Rangers-Devils brawl results in eight ejections two seconds into game

When the Rangers’ Matt Rempe and the Devils’ Kurtis MacDermid were listed as starters for New York’s game Wednesday night against visiting New Jersey, it was reasonable to suspect — and expect — that the tough guys would fight right away.

Sure enough, the fisticuffs got going immediately after the puck dropped, but what made it a remarkable scene was that every skater for each side found a dance partner. The ensuing five-on-five donnybrook resulted in eight players getting ejected just two seconds into the game.

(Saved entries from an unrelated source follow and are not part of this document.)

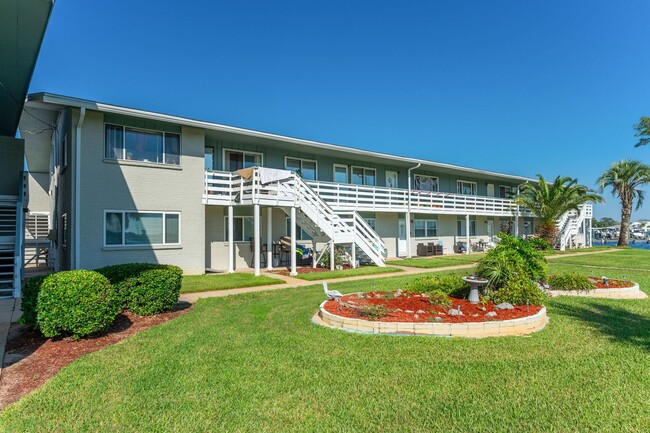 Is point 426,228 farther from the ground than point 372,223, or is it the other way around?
point 372,223

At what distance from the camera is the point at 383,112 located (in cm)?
2561

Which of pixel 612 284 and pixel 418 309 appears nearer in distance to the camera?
pixel 418 309

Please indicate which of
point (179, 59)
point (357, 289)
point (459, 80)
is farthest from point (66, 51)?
point (459, 80)

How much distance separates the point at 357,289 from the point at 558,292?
5132 mm

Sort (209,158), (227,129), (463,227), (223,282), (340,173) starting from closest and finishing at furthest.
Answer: (223,282) < (227,129) < (209,158) < (340,173) < (463,227)

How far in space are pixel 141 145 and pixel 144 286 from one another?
26.4 ft

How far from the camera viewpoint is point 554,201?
2553cm

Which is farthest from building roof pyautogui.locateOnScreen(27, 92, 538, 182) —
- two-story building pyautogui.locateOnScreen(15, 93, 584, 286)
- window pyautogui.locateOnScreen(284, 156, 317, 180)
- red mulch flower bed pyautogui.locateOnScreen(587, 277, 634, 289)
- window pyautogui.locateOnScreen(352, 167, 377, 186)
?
red mulch flower bed pyautogui.locateOnScreen(587, 277, 634, 289)

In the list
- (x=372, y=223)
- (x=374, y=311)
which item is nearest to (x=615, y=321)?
(x=374, y=311)

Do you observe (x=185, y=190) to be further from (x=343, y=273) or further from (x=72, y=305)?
(x=72, y=305)

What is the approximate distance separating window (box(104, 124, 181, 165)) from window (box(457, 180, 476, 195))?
2042 centimetres

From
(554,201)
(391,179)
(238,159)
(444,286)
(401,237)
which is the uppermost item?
(238,159)

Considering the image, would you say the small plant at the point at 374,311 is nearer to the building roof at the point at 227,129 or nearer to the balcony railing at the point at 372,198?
the balcony railing at the point at 372,198

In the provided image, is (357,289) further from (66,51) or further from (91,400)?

Officials determined that the first pair to actually engage consisted of the Rangers’ Jimmy Vesey and the Devils’ Curtis Lazar, meaning that, per NHL rules, everyone who subsequently dropped their gloves got a more severe punishment. In addition to the same five-minute fighting penalties handed to Vesey and Lazar, game misconduct penalties — which come with an automatic ejection — were given to Rempe, New York teammates Barclay Goodrow, K’Andre Miller and Jacob Trouba, and New Jersey’s MacDermid, Kevin Bahl, John Marino and Chris Tierney.

Just like that, eight players were done for the night before some fans could even figure out the game was being nationally televised on TNT.

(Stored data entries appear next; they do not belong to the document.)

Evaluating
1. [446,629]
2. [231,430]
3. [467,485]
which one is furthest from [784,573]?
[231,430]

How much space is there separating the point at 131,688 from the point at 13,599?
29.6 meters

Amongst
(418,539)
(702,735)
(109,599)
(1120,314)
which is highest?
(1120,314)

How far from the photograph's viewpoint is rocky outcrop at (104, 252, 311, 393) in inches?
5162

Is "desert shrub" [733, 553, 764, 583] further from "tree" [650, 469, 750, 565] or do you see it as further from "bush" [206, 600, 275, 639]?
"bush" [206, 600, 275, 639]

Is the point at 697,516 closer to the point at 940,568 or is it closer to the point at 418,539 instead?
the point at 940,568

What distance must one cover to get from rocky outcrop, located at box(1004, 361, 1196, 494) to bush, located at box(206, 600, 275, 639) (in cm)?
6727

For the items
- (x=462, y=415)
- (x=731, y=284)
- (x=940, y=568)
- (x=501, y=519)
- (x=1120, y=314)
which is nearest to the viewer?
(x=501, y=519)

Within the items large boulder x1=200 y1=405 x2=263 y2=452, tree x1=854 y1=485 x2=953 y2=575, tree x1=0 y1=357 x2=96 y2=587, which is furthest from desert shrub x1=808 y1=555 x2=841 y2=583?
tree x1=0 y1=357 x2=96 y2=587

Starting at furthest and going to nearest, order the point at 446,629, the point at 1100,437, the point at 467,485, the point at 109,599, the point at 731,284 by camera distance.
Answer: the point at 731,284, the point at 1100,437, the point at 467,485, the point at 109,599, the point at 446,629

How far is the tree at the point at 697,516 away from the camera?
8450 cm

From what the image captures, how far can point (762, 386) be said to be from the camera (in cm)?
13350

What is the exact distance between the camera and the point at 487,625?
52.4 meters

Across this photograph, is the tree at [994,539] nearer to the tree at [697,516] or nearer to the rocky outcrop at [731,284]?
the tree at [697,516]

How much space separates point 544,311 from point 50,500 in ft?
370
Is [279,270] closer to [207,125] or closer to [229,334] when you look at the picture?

“It takes a lot to do something like that,” said New York’s Chris Kreider, who scored the game-winning goal in a 4-3 victory. “They’re putting a lot on the line, so it’s a big-time commitment from a majority of the team. That’s a passionate thing to do, it’s a courageous thing to do, and it’s something that definitely brings the group closer together.”

“We’re not trying to make a mockery out there,” the Rangers’ Adam Fox said of the game-opening fracas. “It’s just guys having each others’ backs.”

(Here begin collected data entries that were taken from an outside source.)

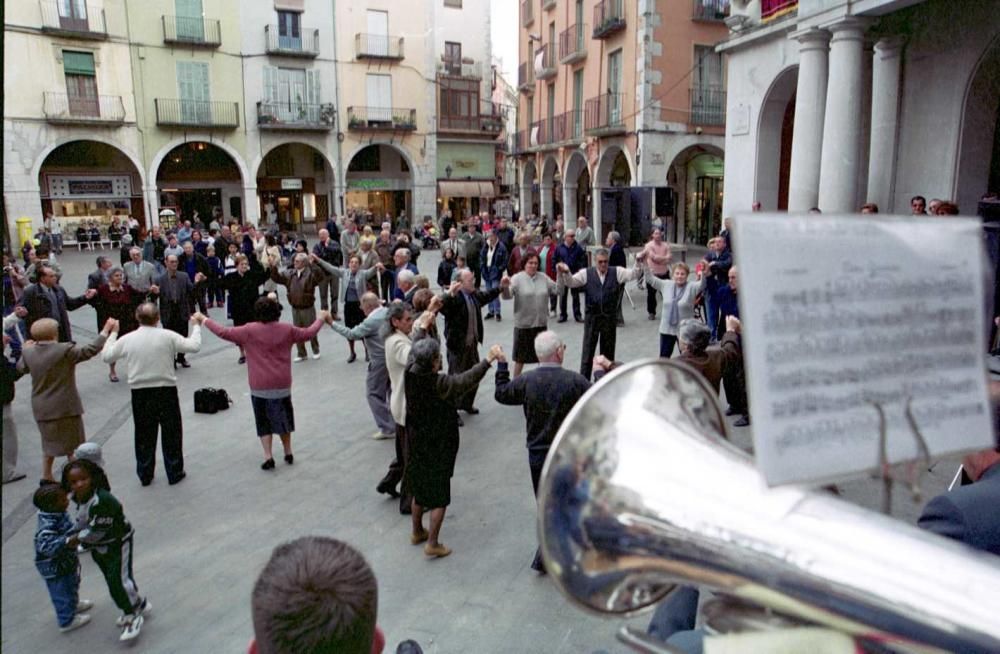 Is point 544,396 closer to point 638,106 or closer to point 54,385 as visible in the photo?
point 54,385

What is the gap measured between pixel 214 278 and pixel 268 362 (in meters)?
7.79

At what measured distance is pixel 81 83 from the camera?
1049 inches

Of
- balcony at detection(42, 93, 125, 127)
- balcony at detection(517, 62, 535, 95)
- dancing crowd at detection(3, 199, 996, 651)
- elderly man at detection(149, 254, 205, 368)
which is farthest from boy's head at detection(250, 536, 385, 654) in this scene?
balcony at detection(517, 62, 535, 95)

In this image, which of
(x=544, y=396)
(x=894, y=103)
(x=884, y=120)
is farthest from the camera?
(x=884, y=120)

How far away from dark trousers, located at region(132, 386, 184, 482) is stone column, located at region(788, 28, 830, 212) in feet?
29.4

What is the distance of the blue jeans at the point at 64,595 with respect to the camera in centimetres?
382

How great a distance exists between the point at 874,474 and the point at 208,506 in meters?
5.20

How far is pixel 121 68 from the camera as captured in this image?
27.3 metres

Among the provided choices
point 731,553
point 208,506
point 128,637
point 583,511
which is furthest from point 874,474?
point 208,506

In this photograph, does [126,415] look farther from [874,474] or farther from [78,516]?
[874,474]

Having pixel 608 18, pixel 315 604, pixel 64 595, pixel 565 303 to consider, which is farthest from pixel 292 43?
pixel 315 604

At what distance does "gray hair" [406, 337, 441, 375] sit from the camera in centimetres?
440

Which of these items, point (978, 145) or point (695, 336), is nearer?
point (695, 336)

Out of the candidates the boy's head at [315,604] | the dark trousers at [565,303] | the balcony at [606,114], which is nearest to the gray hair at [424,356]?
the boy's head at [315,604] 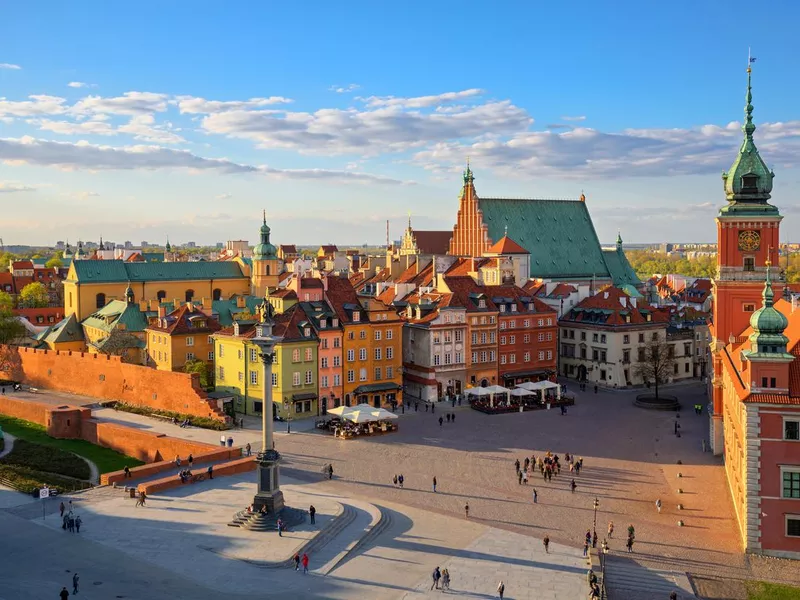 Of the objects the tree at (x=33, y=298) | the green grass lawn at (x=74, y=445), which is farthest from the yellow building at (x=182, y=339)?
the tree at (x=33, y=298)

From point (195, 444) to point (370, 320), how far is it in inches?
839

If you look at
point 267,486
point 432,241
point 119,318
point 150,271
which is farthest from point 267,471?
point 432,241

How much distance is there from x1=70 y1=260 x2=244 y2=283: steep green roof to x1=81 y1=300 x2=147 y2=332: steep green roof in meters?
7.53

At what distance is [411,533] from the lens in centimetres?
3762

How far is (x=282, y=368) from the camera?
62281 mm

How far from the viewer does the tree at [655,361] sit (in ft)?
245

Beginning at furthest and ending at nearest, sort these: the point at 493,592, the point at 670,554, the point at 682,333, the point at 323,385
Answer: the point at 682,333
the point at 323,385
the point at 670,554
the point at 493,592

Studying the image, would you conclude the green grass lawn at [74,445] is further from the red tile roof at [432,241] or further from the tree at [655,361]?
the red tile roof at [432,241]

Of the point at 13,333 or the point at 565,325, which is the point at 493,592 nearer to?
the point at 565,325

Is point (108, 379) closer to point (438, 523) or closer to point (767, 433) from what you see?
point (438, 523)

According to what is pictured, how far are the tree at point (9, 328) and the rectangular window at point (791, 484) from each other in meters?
74.7

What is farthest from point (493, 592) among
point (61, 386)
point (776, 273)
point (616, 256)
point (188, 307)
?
point (616, 256)

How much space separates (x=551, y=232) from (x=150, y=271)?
49.6 metres

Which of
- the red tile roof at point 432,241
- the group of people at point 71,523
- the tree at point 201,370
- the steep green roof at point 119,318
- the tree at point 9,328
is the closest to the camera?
the group of people at point 71,523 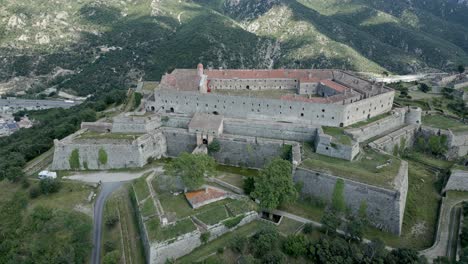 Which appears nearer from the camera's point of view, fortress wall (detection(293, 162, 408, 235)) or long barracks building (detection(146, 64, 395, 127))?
fortress wall (detection(293, 162, 408, 235))

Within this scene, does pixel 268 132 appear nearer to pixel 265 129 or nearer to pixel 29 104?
pixel 265 129

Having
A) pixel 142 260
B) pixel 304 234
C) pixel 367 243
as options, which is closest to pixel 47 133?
pixel 142 260

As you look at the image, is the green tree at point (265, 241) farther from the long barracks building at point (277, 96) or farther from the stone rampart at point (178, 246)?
the long barracks building at point (277, 96)

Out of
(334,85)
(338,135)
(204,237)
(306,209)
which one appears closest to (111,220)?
(204,237)

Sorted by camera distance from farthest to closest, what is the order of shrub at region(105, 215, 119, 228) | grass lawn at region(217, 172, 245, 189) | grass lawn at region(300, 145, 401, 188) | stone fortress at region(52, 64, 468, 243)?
grass lawn at region(217, 172, 245, 189), stone fortress at region(52, 64, 468, 243), grass lawn at region(300, 145, 401, 188), shrub at region(105, 215, 119, 228)

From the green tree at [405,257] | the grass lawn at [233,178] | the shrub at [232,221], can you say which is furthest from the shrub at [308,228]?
the grass lawn at [233,178]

The main event at Madison Square Garden — Rempe vs. MacDermid — was several weeks in the making. A 6-foot-7 rookie whose first NHL fight took place before his first shift had officially started, Rempe has wasted no time taking on many of the league’s foremost pugilists. On Feb. 22, he delivered a headshot along the boards that injured the Devils’ Nathan Bastian and earned the rookie an ejection. On March 11, the next time New Jersey played New York, the Devils had traded for the rugged MacDermid, who challenged Rempe, only to be turned down. Later in that game, Rempe hit New Jersey’s Jonas Siegenthaler with a high elbow that injured the Devils defenseman and led to a four-game suspension.

“There’s a bit of a code,” MacDermid, who again challenged Rempe after the hit on Siegenthaler, said after that game. “I thought he would’ve answered that. I don’t know what he was told, but he said no. And after a hit like that [on Bastian], it kind of goes without saying you should answer the bell in some way and be a man about it. … There’s a right way to go about things and the wrong way.”

All that set the stage for Wednesday’s game, the first meeting between the Rangers and Devils since the unhappy encounter last month. By putting Rempe, a healthy scratch for the previous three games, and MacDermid in their starting lineups, New York Coach Peter Laviolette and New Jersey counterpart Travis Green all but announced that they preferred to get the players’ long-awaited showdown over with as soon as possible. Even with the game-opening melee erupting all around them, the fight between Rempe and MacDermid stood out for its length, going on well after their teammates’ tussles were broken up.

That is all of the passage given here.